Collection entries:
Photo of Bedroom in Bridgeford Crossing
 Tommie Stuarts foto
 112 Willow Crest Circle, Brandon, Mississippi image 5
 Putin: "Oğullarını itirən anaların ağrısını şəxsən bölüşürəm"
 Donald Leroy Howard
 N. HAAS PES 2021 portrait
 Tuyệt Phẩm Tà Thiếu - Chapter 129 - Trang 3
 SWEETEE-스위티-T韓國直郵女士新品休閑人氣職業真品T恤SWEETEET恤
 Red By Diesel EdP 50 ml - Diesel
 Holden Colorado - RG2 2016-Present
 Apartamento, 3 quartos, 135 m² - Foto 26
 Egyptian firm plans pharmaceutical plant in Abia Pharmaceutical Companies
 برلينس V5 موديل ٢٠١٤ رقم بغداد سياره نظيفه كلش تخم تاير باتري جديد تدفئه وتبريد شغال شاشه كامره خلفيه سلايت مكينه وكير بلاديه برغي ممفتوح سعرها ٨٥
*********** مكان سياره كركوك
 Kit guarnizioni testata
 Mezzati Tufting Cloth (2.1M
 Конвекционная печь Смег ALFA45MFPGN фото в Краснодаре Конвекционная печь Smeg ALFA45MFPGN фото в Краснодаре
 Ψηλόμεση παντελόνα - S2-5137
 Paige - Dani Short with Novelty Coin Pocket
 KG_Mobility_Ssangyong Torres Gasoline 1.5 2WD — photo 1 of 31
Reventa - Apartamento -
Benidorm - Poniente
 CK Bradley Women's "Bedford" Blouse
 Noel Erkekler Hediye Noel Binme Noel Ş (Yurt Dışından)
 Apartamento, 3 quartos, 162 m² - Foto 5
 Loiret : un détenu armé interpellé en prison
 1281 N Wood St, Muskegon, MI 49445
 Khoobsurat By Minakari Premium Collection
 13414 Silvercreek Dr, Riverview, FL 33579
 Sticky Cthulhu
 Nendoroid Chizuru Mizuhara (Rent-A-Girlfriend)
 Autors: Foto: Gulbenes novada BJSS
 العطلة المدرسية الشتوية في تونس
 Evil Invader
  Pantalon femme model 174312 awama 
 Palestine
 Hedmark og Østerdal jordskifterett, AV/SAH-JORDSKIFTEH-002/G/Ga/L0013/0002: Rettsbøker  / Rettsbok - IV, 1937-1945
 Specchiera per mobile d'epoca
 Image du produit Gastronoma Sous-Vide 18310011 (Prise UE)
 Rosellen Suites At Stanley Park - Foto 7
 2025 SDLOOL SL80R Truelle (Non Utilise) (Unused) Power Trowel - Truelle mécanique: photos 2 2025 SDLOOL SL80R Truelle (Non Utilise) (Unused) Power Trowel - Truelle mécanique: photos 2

## TASK TO COMPLETE
Your task is to reproduce exactly the lines that begin with the one containing "العطلة المدرسية الشتوية في تونس" and continue to the end of the data, both ends included.

## SOLUTION FOR THIS PROBLEM
 العطلة المدرسية الشتوية في تونس
 Evil Invader
  Pantalon femme model 174312 awama 
 Palestine
 Hedmark og Østerdal jordskifterett, AV/SAH-JORDSKIFTEH-002/G/Ga/L0013/0002: Rettsbøker  / Rettsbok - IV, 1937-1945
 Specchiera per mobile d'epoca
 Image du produit Gastronoma Sous-Vide 18310011 (Prise UE)
 Rosellen Suites At Stanley Park - Foto 7
 2025 SDLOOL SL80R Truelle (Non Utilise) (Unused) Power Trowel - Truelle mécanique: photos 2 2025 SDLOOL SL80R Truelle (Non Utilise) (Unused) Power Trowel - Truelle mécanique: photos 2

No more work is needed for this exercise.